Posters of Cuban late president Fidel Castro and current president Raul Castro are seen behind boxes of cigars at the H.Upman Cigar Factory in Havana, on March 2, 2017.
ដោយ: AFP
Havana, Cuba |Cuba opens a new chapter when Raul Castro steps down from the presidency on April 19, ending six decades of single-family rule launched by his brother Fidel.



Here are some key facts about the island.

- Historic thaw with US -
Ties between communist Cuba and the United States, roughly 150 kilometers (90 miles) apart, have been fraught due to US occupations and Cold War enmity that took the neighbors to the brink of nuclear war.

A historic thaw began in 2014, when Barack Obama and Raul Castro simultaneously announced plans to normalize ties.
In 2015, they reopened their embassies and the following year, Obama traveled to Havana for talks with Castro, setting aside a bitter five-decade standoff.
A US trade embargo first set in 1962 remains in place, however.

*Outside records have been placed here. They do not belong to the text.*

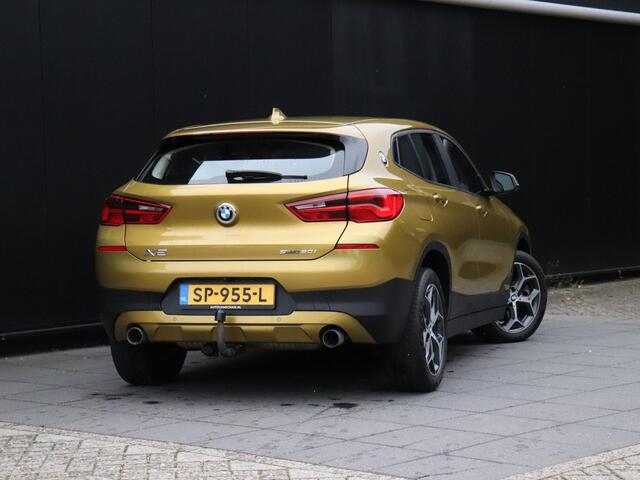 BMW X2 sDrive20i Executive | LEDER | MEMORY | CAMERA | TREKHAAK | CRUISE | NAVI |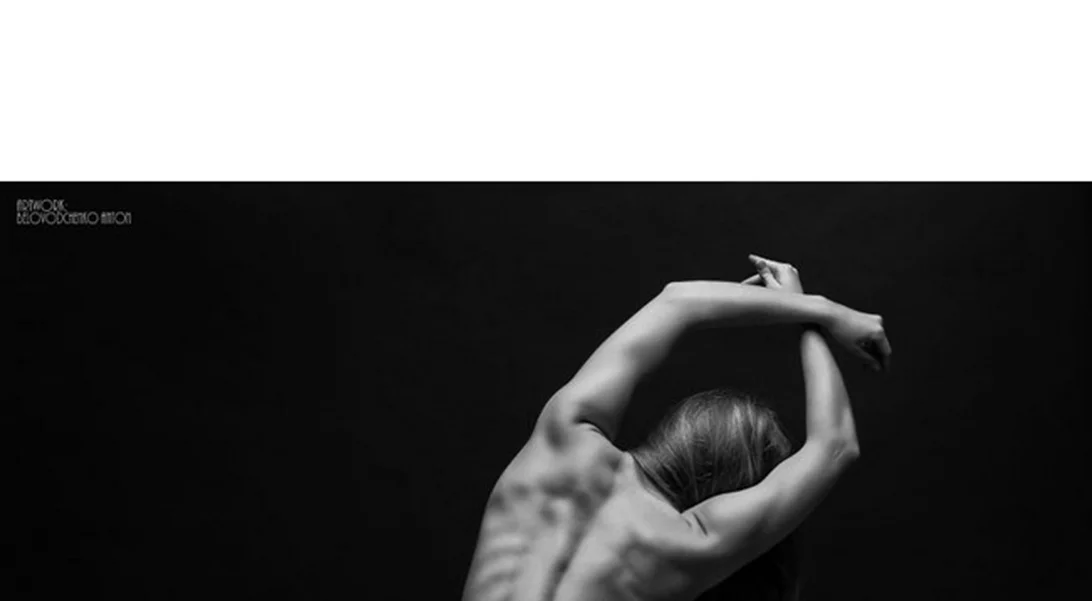 Ο φωτογράφος που αποθεώνει το γυναικείο σώμα με τις ασπρόμαυρες λήψεις του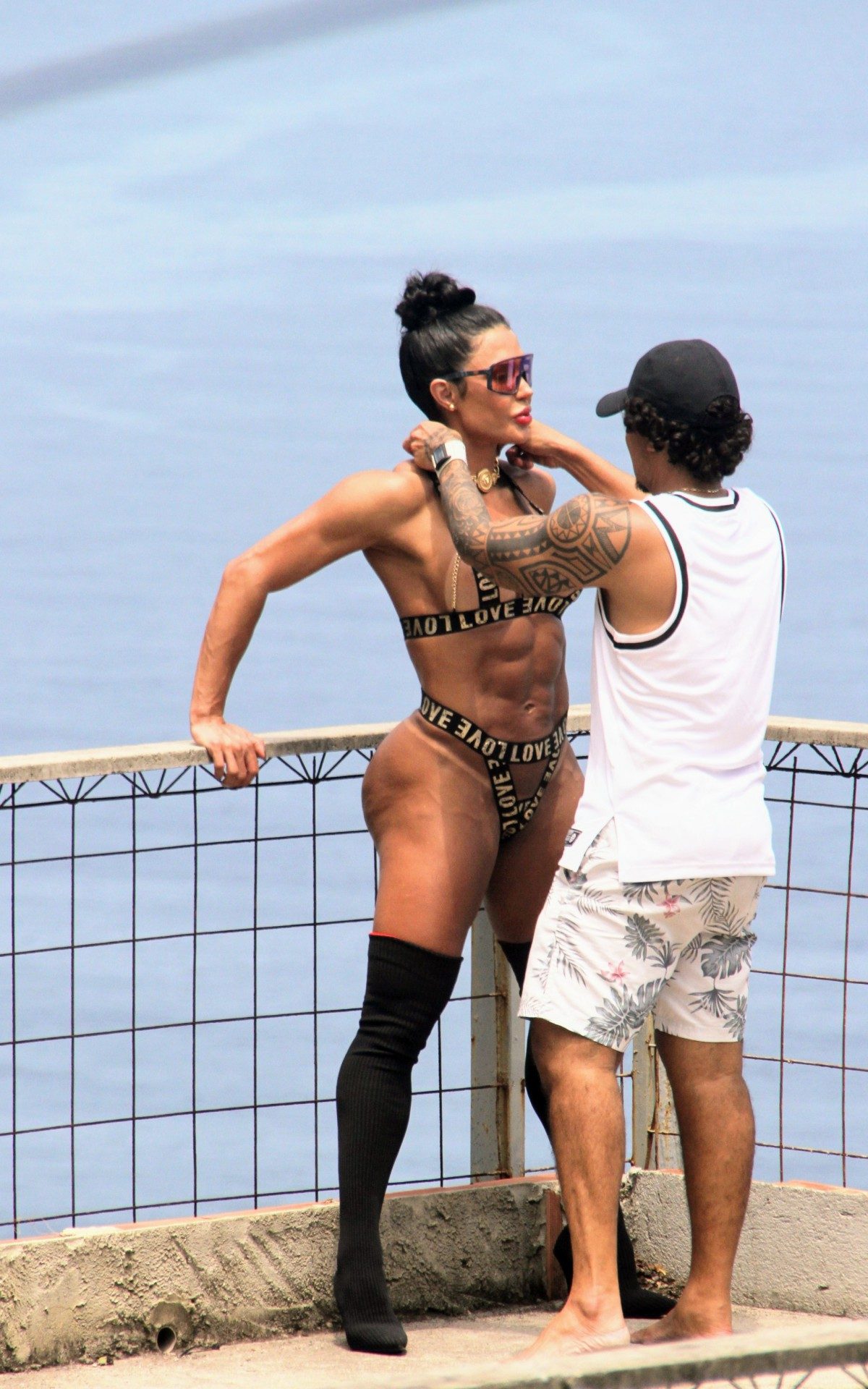 Gracyanne Barbosa posa para ensaio fotográfico em laje no Morro do Vidigal, na Zona Sul do Rio, nesta quarta-feira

The rapprochement has been partially rolled back by Obama's successor, Donald Trump.
In October 2017, Trump held Cuba responsible for mysterious "acoustic attacks" against US diplomats stationed there.

- Six decades of Castro power -
On January 1, 1959, dictator Fulgencio Batista, in power since a 1952 coup, was overthrown in a revolution led by Fidel Castro who established a socialist republic.
In 1961, anti-communist Washington severed diplomatic relations. Months later, Castro's forces defeated 1,400 rebels in the US-backed Bay of Pigs invasion.
The US discovery of Soviet missiles in Cuba in 1962 set off the most serious crisis in the Cold War, threatening nuclear conflict.

Cuba was plunged into economic turmoil when the Soviet Union collapsed in 1991, surviving after legalizing use of the US dollar and opening up to tourism.
In 2006, Castro, who was ill, temporarily transferred power to his brother Raul, the defense chief.

Raul was named president in 2008 and three years later, Fidel also handed him leadership of the all-powerful Communist Party.
Fidel died in November 2016, aged 90.

- Centuries as a colony -
Cuba became a Spanish colony after explorer Christopher Columbus landed in 1492, and it used African slaves for labor until 1886.
During its 1895-1898 war of independence, the last of three, the United States backed the Cuban rebellion against Spain and sent troops to the island to shore up the struggle.

After Spain's defeat, Cuba was essentially ceded to the United States, which installed a provisional military government.

Cuba became independent in 1902, but Washington retained control by grafting the "Platt Amendment" onto its constitution, giving it the right to intervene in Cuban affairs.
Most of the law was repealed three decades later.

- Doctors, cigars, China -
Eighty percent of the Cuban economy is controlled by the state, but Raul Castro unveiled reforms in 2011 to boost the private sector's role.
A leading source of hard-currency income comes from thousands of doctors hired out to countries in Africa and Latin America under government-to-government contracts.

The island also earns revenue from exports of nickel, tobacco and citrus products, as well as from tourism, with 4.5 million visitors in 2017.
Sale of Havanas, the reputed Cuban cigar, leaped 12 percent in 2017 after the Chinese developed a taste for them.

The island was a leading sugar exporter until the collapse of the Soviet Union, its major buyer, but it is trying to revive the industry.

In 2017, China became Cuba's top commercial partner, replacing Venezuela, which is mired in a major economic crisis.
Economic growth on the island, home to 11 million people, rose to 1.6 percent in 2017 up from 0.5 percent the previous year.